Iri

IRI

Perasaan itu yang timbul setiap kali melihat bagaimana orang lain 'terlihat' begitu dicintai, disukai, diharapkan kehadirannya, dicari saat ketiadaannya, ditangisi kepergiannya.

Betapa hebatnya orang-orang yang hidupnya selalu memberi kesan, tanpa perlu berusaha sangat keras untuk dicintai, disukai, disayangi. Mereka, manusia-manusia yang terlahir untuk dicintai dan disukai secara alami.

Bagaimana dengan aku?
Kehadiranku jarang memberi kesan, tak banyak orang langsung nyaman denganku, kehadiranku tak selalu diharapkan, ketiadaanku tak dicari, kepergianku tak ditangisi.

Sekeras apapun aku berusaha, tampaknya aku masih harus berusaha lebih keras untuk sampai dicintai dan disukai sedemikian rupa. Aku, bukan manusia yang terlahir untuk dicintai dan disukai secara alami.

Lantas aku berpikir, sebanyak apa orang yang mencintai dan menyukaiku saat ini? Siapa yang mengharapkan kehadiran ku dalam hidupnya? Siapa yang mencari ketidak hadiran ku? Siapa yang menangisi kepergianku? Merindukanku, mendoakanku.

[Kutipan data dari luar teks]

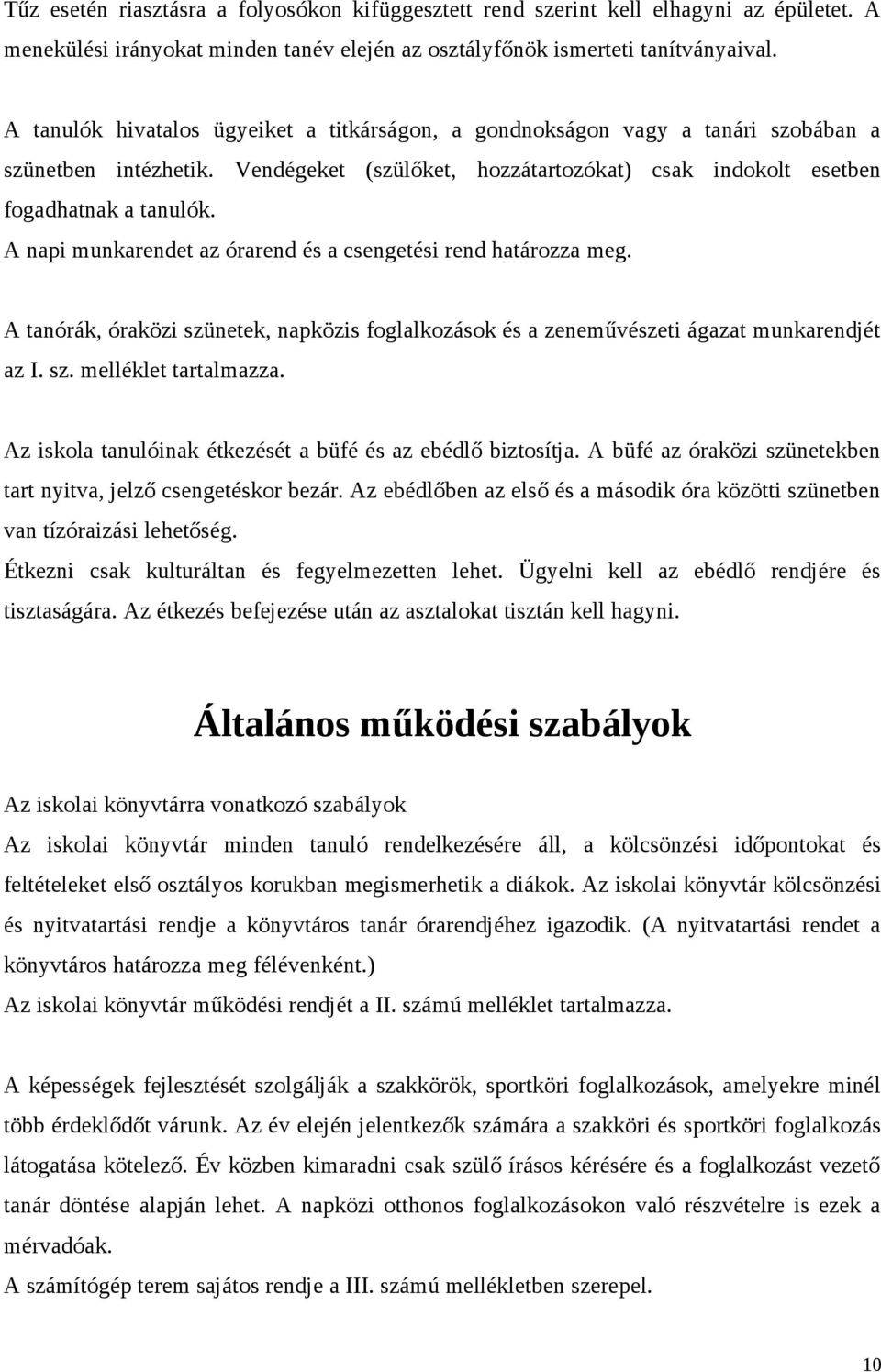 A napi munkarendet az órarend és a csengetési rend határozza meg. A tanórák, óraközi szünetek, napközis foglalkozások és a zeneművészeti ágazat munkarendjét az I. sz. melléklet tartalmazza.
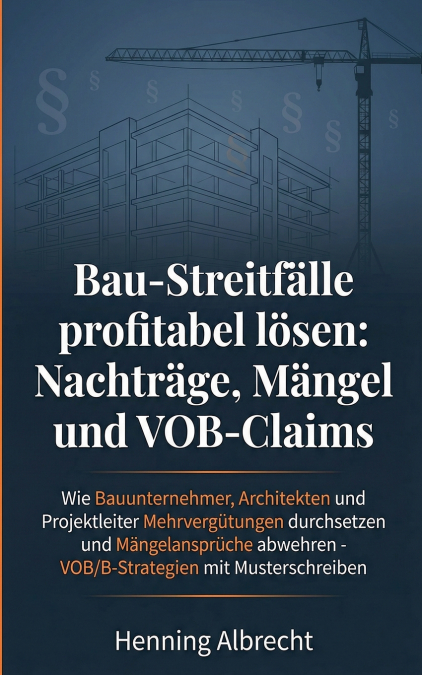 Bau-Streitfälle profitabel lösen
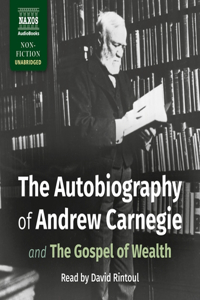 Autobiography of Andrew Carnegie Lib/E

Tentu saja aku punya orang tua dan keluarga. Yang paling aku yakini cinta kasihnya, kerinduannya. Bahkan jika seluruh dunia berpaling, aku rasa mereka yang akan kokoh mengiringiku. 

Tentu saja aku punya Allah, yang sudah pasti mengasihi ku. Meski banyak dosaku, meski banyak khilafku.

Aku, hanya penasaran, siapa lagi?

Betapa beruntungnya, mereka yang lahir dapat dicintai dan disukai secara alami, tanpa perlu berusaha sangat keras.

Tapi beruntung pula aku, yang harus bekerja sangat keras untuk dicintai dan disukai. Karena dengan begitu, aku bisa melihat, siapa yang dengan tulus menyukaiku, tulus menjadi temanku, sahabatku. 

Aku, hanya perlu lebih bersyukur dan tak perlu iri.